_Entries provided:_
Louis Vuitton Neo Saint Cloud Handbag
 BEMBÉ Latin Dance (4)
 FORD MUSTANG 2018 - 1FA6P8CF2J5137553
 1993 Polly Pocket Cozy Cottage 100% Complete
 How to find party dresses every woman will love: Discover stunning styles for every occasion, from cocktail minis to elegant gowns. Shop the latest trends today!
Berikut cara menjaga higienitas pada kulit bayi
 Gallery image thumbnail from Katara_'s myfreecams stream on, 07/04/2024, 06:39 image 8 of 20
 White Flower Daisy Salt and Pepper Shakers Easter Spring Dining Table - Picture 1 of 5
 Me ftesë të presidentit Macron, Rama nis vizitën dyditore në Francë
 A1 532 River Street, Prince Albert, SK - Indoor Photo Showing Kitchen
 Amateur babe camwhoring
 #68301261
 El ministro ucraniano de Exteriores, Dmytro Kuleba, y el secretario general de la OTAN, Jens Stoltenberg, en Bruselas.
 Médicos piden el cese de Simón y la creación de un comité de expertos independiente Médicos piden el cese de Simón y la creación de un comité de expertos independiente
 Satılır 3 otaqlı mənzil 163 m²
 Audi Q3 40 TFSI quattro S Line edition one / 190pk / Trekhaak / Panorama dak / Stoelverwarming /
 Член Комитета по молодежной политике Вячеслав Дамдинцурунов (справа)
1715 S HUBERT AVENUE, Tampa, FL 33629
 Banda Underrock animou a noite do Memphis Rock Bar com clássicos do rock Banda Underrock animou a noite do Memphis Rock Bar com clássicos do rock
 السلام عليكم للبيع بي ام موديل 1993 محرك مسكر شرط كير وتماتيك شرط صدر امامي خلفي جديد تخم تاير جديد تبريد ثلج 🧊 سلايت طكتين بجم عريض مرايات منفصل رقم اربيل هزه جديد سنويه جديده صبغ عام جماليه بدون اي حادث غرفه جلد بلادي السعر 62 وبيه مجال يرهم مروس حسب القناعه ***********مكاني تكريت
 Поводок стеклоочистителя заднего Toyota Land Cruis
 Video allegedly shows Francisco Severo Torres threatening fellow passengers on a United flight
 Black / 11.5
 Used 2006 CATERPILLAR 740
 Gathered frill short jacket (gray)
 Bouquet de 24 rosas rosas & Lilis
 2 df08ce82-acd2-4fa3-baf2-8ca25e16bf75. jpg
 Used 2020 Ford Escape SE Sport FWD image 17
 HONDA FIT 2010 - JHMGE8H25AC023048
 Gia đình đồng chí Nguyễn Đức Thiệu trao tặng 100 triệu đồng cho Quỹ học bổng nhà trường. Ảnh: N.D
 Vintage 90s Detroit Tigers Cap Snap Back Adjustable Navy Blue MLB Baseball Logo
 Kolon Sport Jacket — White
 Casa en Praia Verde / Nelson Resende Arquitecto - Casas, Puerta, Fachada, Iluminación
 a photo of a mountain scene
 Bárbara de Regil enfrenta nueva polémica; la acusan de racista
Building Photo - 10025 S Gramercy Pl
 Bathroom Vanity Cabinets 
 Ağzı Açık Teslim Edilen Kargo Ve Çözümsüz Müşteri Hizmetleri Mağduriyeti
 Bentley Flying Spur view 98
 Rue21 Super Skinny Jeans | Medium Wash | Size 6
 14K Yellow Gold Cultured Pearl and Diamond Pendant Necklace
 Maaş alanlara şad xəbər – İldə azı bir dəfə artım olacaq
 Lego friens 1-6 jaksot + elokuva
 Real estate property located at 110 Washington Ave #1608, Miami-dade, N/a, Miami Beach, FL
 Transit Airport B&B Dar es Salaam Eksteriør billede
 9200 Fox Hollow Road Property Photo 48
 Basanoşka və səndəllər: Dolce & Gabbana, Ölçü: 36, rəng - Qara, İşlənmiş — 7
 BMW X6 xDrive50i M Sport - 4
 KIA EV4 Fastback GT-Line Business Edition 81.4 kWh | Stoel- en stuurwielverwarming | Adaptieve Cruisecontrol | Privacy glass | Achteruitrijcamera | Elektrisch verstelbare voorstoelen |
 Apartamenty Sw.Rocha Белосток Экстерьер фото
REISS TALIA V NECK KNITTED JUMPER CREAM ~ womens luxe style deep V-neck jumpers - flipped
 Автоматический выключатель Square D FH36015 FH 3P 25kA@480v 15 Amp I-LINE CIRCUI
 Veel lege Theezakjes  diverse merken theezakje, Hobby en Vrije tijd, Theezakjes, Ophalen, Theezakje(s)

_Brief:_ When a line among the entries contains "White", pull that line out.

_Output:_
 White Flower Daisy Salt and Pepper Shakers Easter Spring Dining Table - Picture 1 of 5
 Kolon Sport Jacket — White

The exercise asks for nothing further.